Kümelenme girişimleri yenilikleri destekler, hızlandırır ve onları pazar olgunluğuna eriştirir. Böylece kümelemeye dâhil olan şirketlerin uzun vadede ekonomik başarısını garantiler. Bu girişimler, ilgili bölgeyi ve ekonomiyi sürekli güçlendiren faktörler arasında yer alan kaynak ve finansman sağlanması, kritik ölçütlerin kazanılması, bilgi ve uzmanlık dağılımı için etkili yöntemdirler. İşbirliğine dayalı araştırma ve daha yoğun rekabet aracılığı ile daha hızlı yenilenme sağlanmış

olur (Porter,1990).

Yenilikçi girişimler genel olarak bölgelerin ve özelde de sanayinin başarısı için büyük önem taşımaktadır. Günümüzde ekonomik küreselleşmenin yükselişi ve bilgi teknolojilerinin yaygınlaşması yenilikçi süreçlerin hızlanmasında itici güç olmuştur.

İşbirliği, sanayi ve özellikle de KOBİ’ler, araştırma kurumları ile üniversiteler

arasında dayanışmayı teşvik etmek demektir. İşbirliği projelerinin desteklenmesi, yenilikçi faaliyetlerin artmasına ve Ar-Ge kurumları ile üniversitelerden sanayiye teknoloji transferinin sağlanmasına olanak verir.

İnovasyon süreciyle birlikte, Ar-Ge çalışmaları kümenin rekabetçi olması ve

rekabetçi kalması için gerekmektedir. Bunun yanında, pazardaki büyük firmaların tedarikçisi olmak için de gereklidir. Kümelerde yer alan KOBİ’ler arasında Ar-Ge faaliyetlerini üstlenme kabiliyeti üst düzeyde olur .

3. Tedarik Gücü Sağlaması:

Küme içinde müşteri – tedarikçi ilişkisi oluşturan işletmeler karşılıklı işbirliğini daha kolay kurabilirler. Aksi takdirde ne kadar mükemmel işletmeler olsa bile bireysellikten uzaklaşamaz ve çevreye karşı körleşerek başarısız olunabilir. Küreselleşen dünyada sahip olduğumuz pazarı genişletmenin yolu işbirliği yapmaktan geçmektedir.

Kümelenme firmalara uzmanlaşmış bir tedarik zinciri sunmaktadır. Uzak mesafedeki tedarikçiler yerine yerel tedarikçilerden yaralanmak nakliye masraflarını ve envanter ihtiyacını azaltmakta, ithalat masrafını ve gecikmeleri ortadan kaldırmakta ve tedarikçilerin fiyatı şişirme ve sözden cayma riskini ortadan kaldırmaktadır (IGEME,2005: 15).

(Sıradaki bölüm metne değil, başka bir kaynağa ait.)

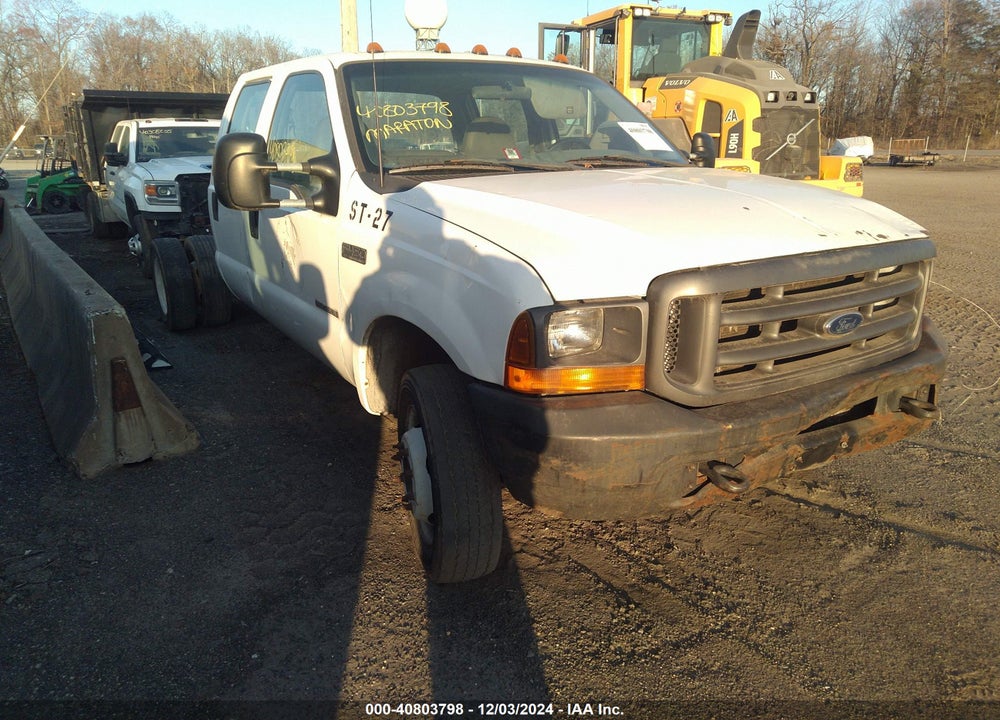 1999 FORD F-450 CHASSIS LARIAT/XL/XLT VIN: 1FDXW46F1XED44025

Küme içinde yer alan ortakların işbirliği ile tedarik zinciri üretkenliği oluşturulur. Kümelerin ana firmalar ile pazarlık gücü bireysel firmalara göre çok daha üstündür. Kümelenmelerin ilgili endüstrileri kapsıyor olması, bu sektörlere hizmet veren tedarikçiler için büyüyen fırsatlar yaratacaktır (Bulu vd.,2004: 156). 4. Güven Ortamı Oluşturulması:

Kümelenmede önemli bir kavram da firmaların diğer firmalar ile ortaklık ağlarını kurarken tekrarlayan ilişkiler sonucu birbirlerine olan güveni oluşturma ve

ortaklıkları başarı ile yürütme potansiyeline sahip olmalarıdır. Belirli bir coğrafi bölgede konuşlanmış firmalar için tekrarlayan ortaklıklar son derece önemlidir. Zira, bu süreklilik ve sabit konuşlanma bireylerde aldatma davranışlarını uzun vadede yok edebilir. Yakınlık, güven ve saydamlık bilgi akışını kuvvetlendirir. Küme içinde oluşan yüksek güven duygusu neticesinde işlem maliyetleri genellikle düşüktür. Dışsal kaynağın gerekli olduğu yerde ortak satın almalar maliyetleri daha da düşürebilir. Müşteriler ile tedarikçiler arasındaki yakınlık ve güçlü etkileşim sonucunda tasarım, prototip geliştirme daha kolay olur. Bilgi transferinde anahtar öneme sahip nitelikli personel kolaylıkla ikmal edilir(Ketels, 2003: 3).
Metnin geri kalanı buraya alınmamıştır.